Anche a scapito della tua schiettezza?
«Certo ho parlato delle mie scelte, della mia carriera ed anche dei miei errori. La mia sincerità a volte mi ha ostacolato. Se mi fossi comportato diversamente oggi forse sarei più ricco».
Che importanza ha avuto la tua famiglia nella tua carriera?
«Non mi hanno certamente spinto. Quando ho scelto d fare il rapper ho accompagnato la carriera con lavori, sia leciti che illeciti. Quando poi ce l’ho fatta è stata una bella rivincita anche nei confronti dei miei genitori a cui ho dimostrato di essere riuscito a raggiungere il successo?»
Qualcuno ti ha smontato?
«Questo è il mondo. Anche se fai il panettiere trovi qualcuno che ti scoraggia. Quando ero ai tempi dei Club Dogo avevamo piuttosto chi ci sfruttava. Eravamo sottopagati. Oggi i nuovi rapper hanno contratti eccezionali. Noi giravamo con cinquanta euro e lo skateboard, oggi sono ricchi, belli e famosi, girando in limousine. Per fortuna avevamo una grande autostima e abbiamo insistito, inventando un nuovo mercato».
Sei stato il pigmalione delle nuove generazioni..
«Si è trattato di pura coerenza. Da piccolo ero ispiratissimo dai grandi artisti e così anche io ho creato un’etichetta discografica indipendente (Tanta roba, ndr) per promuovere i giovani. Tra i tanti sono passati Fedez, Ensi e Ghali che ai tempi suonava per un gruppo interrazziale fortissimo che si chiamava Troupe D’Elite».
Oggi hai smesso con questa attività?
«Certo perché preferisco essere amico dei colleghi, piuttosto che avere un rapporto di lavoro. È un po’ come avere tante fidanzate che pretendono. A parte gli scherzi, il lavoro del manager è davvero ingrato. Se un artista non funziona è colpa di chi lo guida. Se invece ha successo nessuno verrà mai a dirti grazie. Quindi l’etichetta è un vero mal di testa a cui rinuncio, anche perdendo una fonte di guadagno».
Oggi si parla tanto di bullismo. È vero che anche tu ne sei stato vittima a scuola?

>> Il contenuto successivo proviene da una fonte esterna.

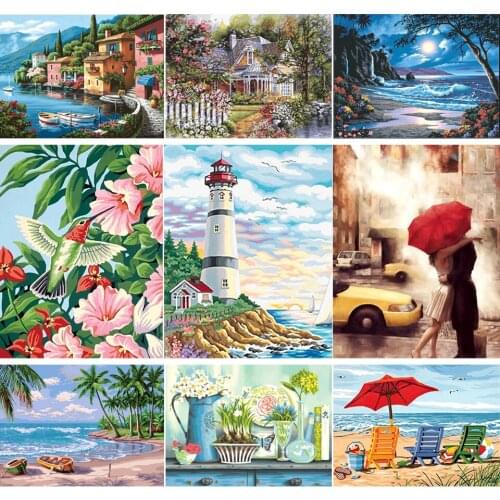 5D DIY Diamond Painting Landscape Cross Stitch Kit Sale Full Diamond Embroidery Sunset Mosaic Rhinestone Picture Home Decor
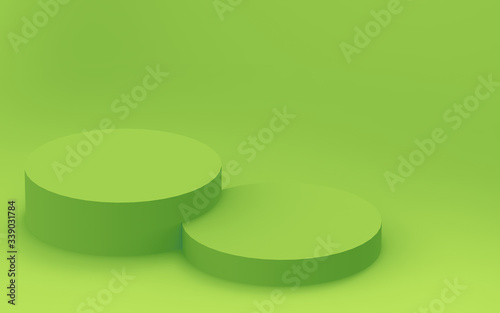 3d green cylinder podium minimal studio background. Abstract 3d geometric shape object illustration render. Display for food natural product.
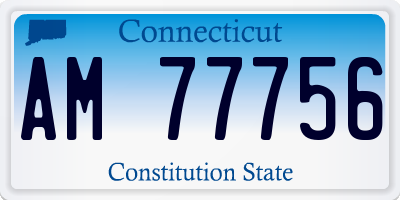 CT license plate AM77756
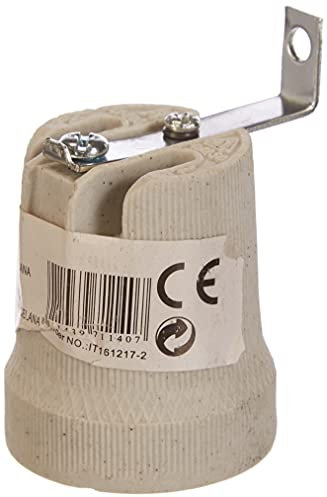 Electraline 71140 Douille E27 Porcelaine + Support en Equerre, Or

«Non propriamente. Non sono mai stato bullizzato, anche se i miei problemi agli occhi hanno portato i miei compagni a chiamarci lo sguercio. Ironia della sorte proprio quel soprannome è diventato il mio nome di battaglia ed infatti oggi mi chiamo Gué».
Anche se il mondo che frequenti un po’ porta a bullizzare?

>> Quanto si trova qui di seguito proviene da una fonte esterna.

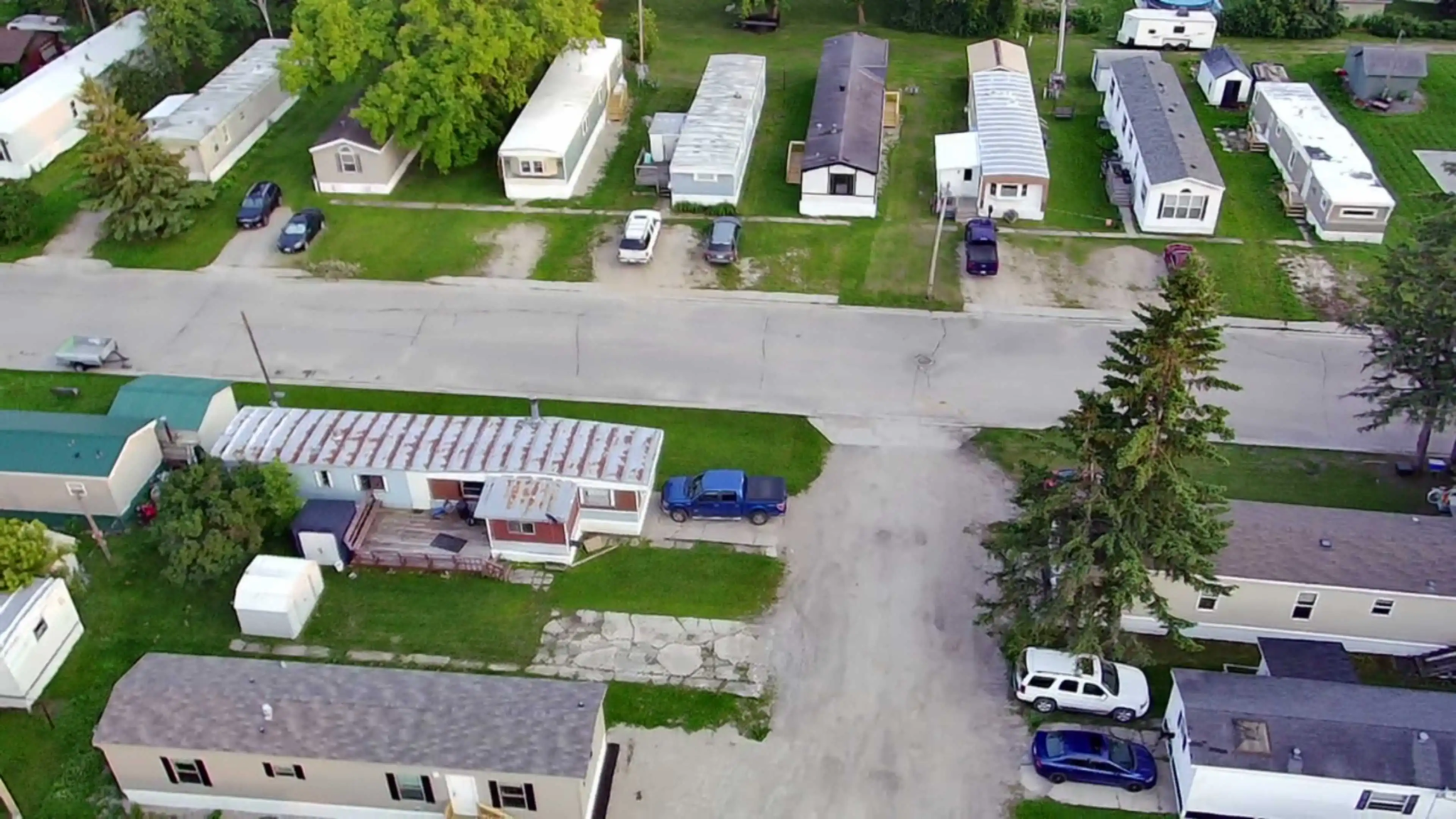 aerial photo of a mobile home park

«Infatti. Oggi tutto è basato sull’immagine, chi non si attiene e finito. Ringrazio il cielo di non avere ancora un figlio, perché questo mondo social è diventato davvero duro da sopportare».
A proposito di social tu sei molto attivo in questo campo…
«Ma certo. Così come lo sono molti miei colleghi. Il mio spazio social è aperto a tutti, ma se qualcuno mi dice qualcosa io voglio rispondere. Si tratta di un gioco, intendiamoci, di uno svago divertente».
E i numeri ti interessano?
«Come non potrebbero. È una malattia moderna lanciata da Fedez. Controllare i quanti like, quante visualizzazioni è importante, ma non sono così competitivo. Non sono nato per contare, se no avrei fatto il contabile. I veri numeri che contano sono quelli delle vendite, delle certificazioni».